Por essa expressão Jesus reconhecia que o motivo principal da perseguição de Paulo contra os cristãos estava em não ter ele resposta adequada aos seus argumentos. Era uma reação por meio da qual ele tentava resistir à convicção do Espírito Santo. Como um homem tangendo um boi, o Espírito Santo tinha estado levando Saulo para a verdade do evangelho, mas ele estava resistindo violentamente, escoiceando contra os aguilhões. Os argumentos de Estêvão foram como aguilhões; seu discurso final e o modo pelo qual morreu foram aguilhões; a propagação do evangelho e a resposta dos crentes eram aguilhões; os milagres que confirmavam a Palavra eram todos aguilhões.
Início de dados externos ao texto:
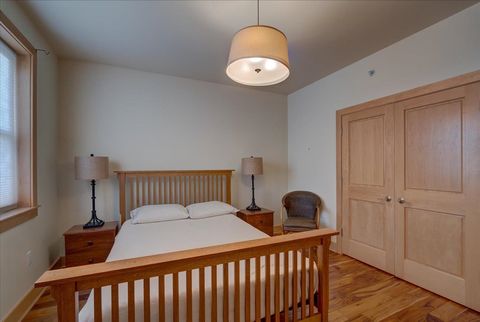 Tiny photo for 360 W Washington Avenue G02 #G02, Madison, WI 53703 (MLS # 2013131)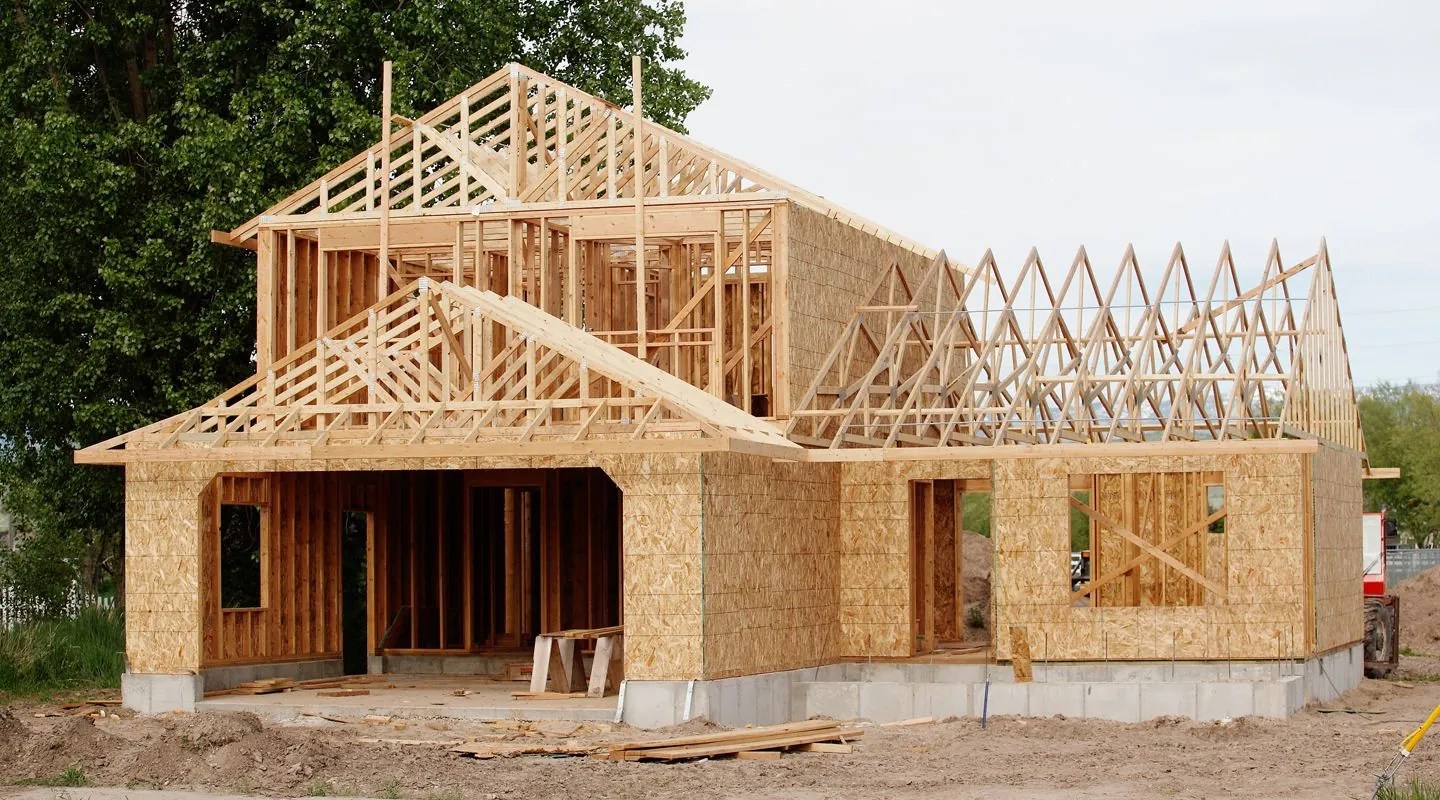 How We Make Sure Your House is Built to Last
Em tudo isso estava ele ferindo-se perigosamente. Isso não significa que Saulo estivesse consciente de que esses fatos eram aguilhões ou mesmo que ele percebesse não possuir bons argumentos contra os crentes. Ele estava tão dominado pelo furor que não conseguia pensar senão em alguma coisa que pudesse detê-los. Mas agora que se via enfrentado por esse fato e por Cristo, não apenas como o homem Jesus mas como o divino Senhor, ele simplesmente respondeu: "Senhor, que farei?" Isto mostra uma completa mudança na atitude de Saulo, o que constitui evidência de genuíno arrependimento de sua parte. O Senhor então lhe disse que se levantasse e entrasse na cidade de Damasco. Ali lhe seria dito tudo o que deveria fazer. Jesus, na realidade, disse mais coisas a Saulo na ocasião, mas Lucas não registra a fim de deixar o restante para Saulo dizer em sua defesa diante de Agripa (At 26:16-18). Em Gálatas 1:1, 11, 12, 16 Saulo também deixa claro que foi comissionado diretamente por Jesus, não por algum homem. Em outras palavras, ele era um apóstolo genuíno ou "enviado", enviado pelo próprio Jesus. Enquanto isso, os homens que viajavam com Saulo emudeceram, ouvindo a voz (o som) mas não vendo ninguém. Como diz At 26:14, eles todos caíram ao solo mas tiveram condições de levantar-se antes que Saulo o fizesse. Saulo, ao que parece, fechou os olhos por causa do contínuo resplendor, mas ele viu Jesus. Então, quando se levantou do chão, nada podia ver. Seus companheiros de viagem o levaram pela mão até Damasco. Ali ficou três dias sem poder ver, e não comeu nem bebeu coisa alguma.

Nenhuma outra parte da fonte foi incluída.